Try it –
The copy must match the data below line for line and contain no images.

Information supplied –
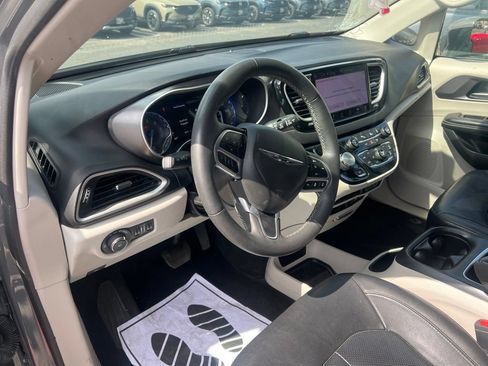 Used 2022 Chrysler Pacifica Touring-L FWD image 14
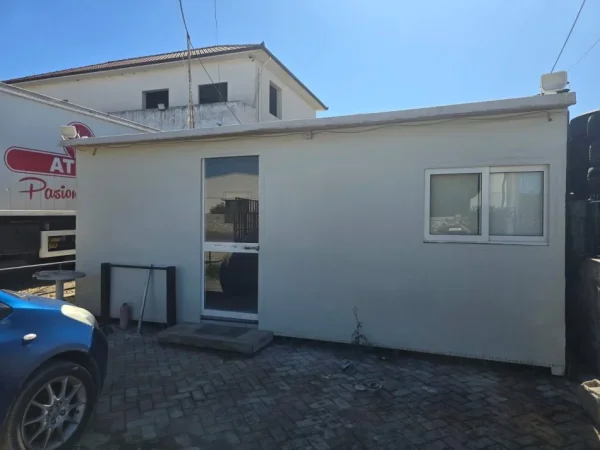 Tirane, shes zyre Kati 1, 15 m² (rruga nacionale vore fushkruje km1)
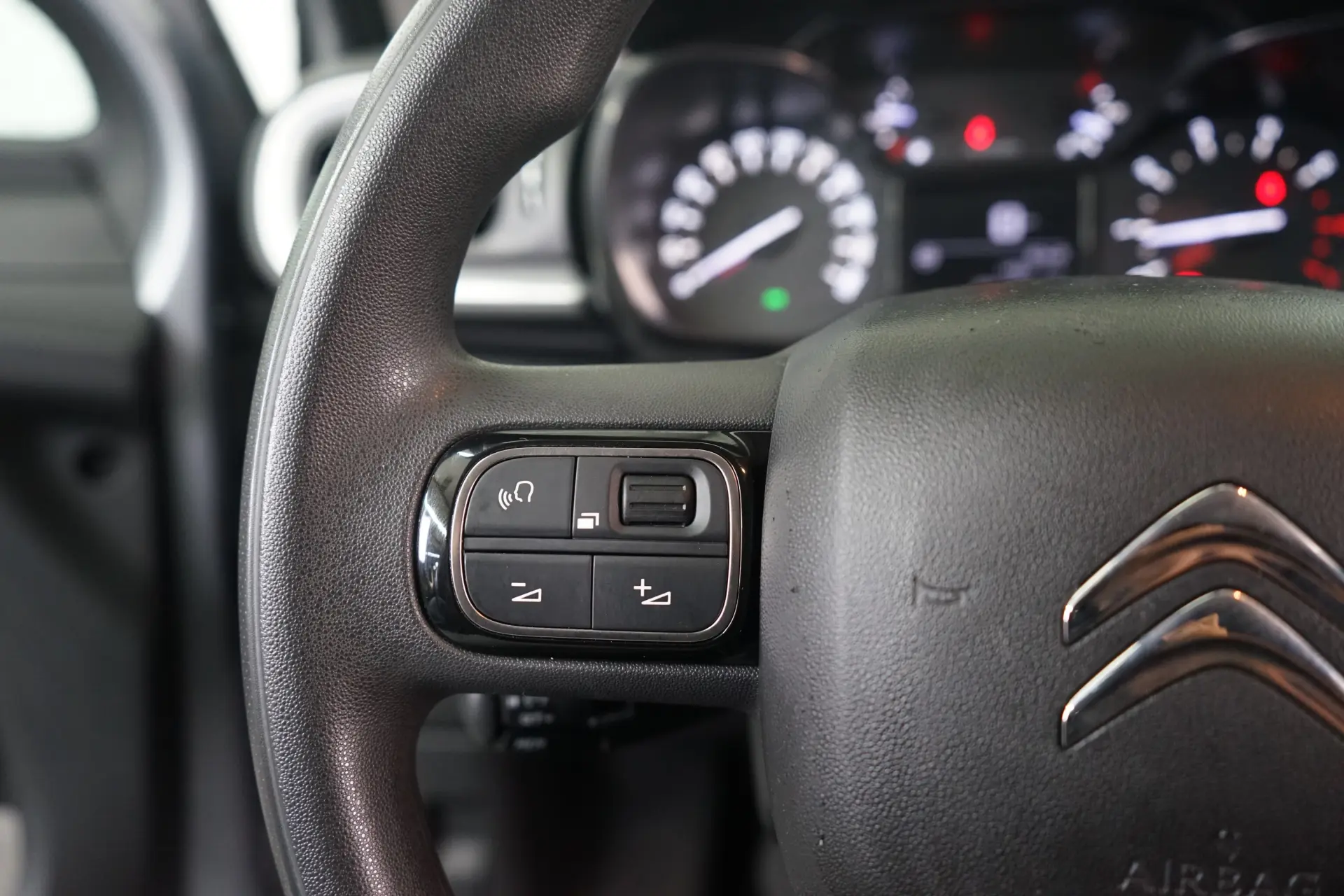 Citroen C3 1.2 PureTech Feel 17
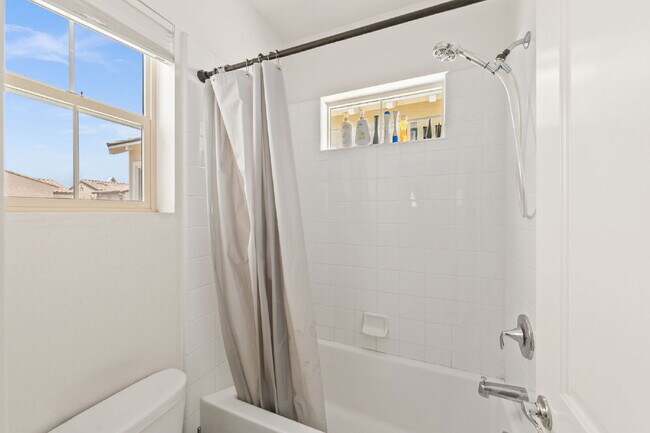 Building Photo - Love your life at Escaya in Chula Vista! 4Bed/2.5Ba attached garage home for rent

Solution for this problem –
 Used 2022 Chrysler Pacifica Touring-L FWD image 14
 Tirane, shes zyre Kati 1, 15 m² (rruga nacionale vore fushkruje km1)
 Citroen C3 1.2 PureTech Feel 17
 Building Photo - Love your life at Escaya in Chula Vista! 4Bed/2.5Ba attached garage home for rent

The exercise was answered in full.